# Invertible Matrices and basis

Consider the $$n\times n$$ matrix $$A$$ and the basis $$\{\vec{v_1}\ldots \vec{v_n}\}$$ for $$\mathbb{R}^n$$. Prove if $$\{A\vec{v_1} \ldots A\vec{v_n}\}$$ is a basis for $$\mathbb{R}^n$$, then A is invertible.

If we let $$B=\{A\vec{v_1} \ldots A\vec{v_n}\}$$, does this mean the column vectors form a basis and thus $$B$$ is invertible? How do we prove $$A$$ is invertible from there?

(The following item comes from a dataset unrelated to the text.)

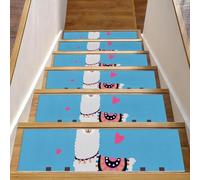 Eslifey Lovely Alpaca Lama, gradini per scale in legno, confezione da 15, 76,2 x 20,3 cm, antiscivolo, per interni, per cani, bambini, anziani, con adesivo riutilizzabile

I think I have to start with $$c_1(A\vec{v_1})+\ldots+c_n(A\vec{v_n})=\vec{0}$$ where $$c_1=\ldots=c_n=0$$ but I am not sure where to go after that.

Hint: Write $$v_1,\dots,v_n$$ in the basis $$Av_1,\dots,Av_n$$.

• If I have $[A\vec{v_1}\ldots A\vec{v_n}]=A[\vec{v_1}\ldots \vec{v_n}]$, how do I manipulate it to show A is invertible? Jun 6, 2020 at 22:47
• It’s the other way around
– lhf
Jun 6, 2020 at 23:04

Since $$B = \{Av_1,\dots,Av_n\}$$ is a basis, any vector $$v\in\mathbb{R}^n$$ may be written as $$v = \sum_{i = 1}^{n}c_{i}Av_{i} = A\left(\sum_{i=1}^n c_{i}v_{i}\right)$$ for some $$c_i\in \mathbb{R}$$, so $$L_A(x):= Ax$$ is surjective. Suppose there exists a $$v\neq 0$$ such that $$Av = 0$$. Then since $$\{v_{1},\dots,v_{n}\}$$ is a basis, $$\sum_{i = 1}^{n}d_{i}Av_{i} = 0$$ for some $$d_i\in\mathbb{R}$$. Since $$B$$ is linearly independent, $$d_{i} = 0$$ for $$1\leq i\leq n$$, so in fact $$v = 0$$ and therefore, $$L_A$$ is injective. So $$A$$ is invertible.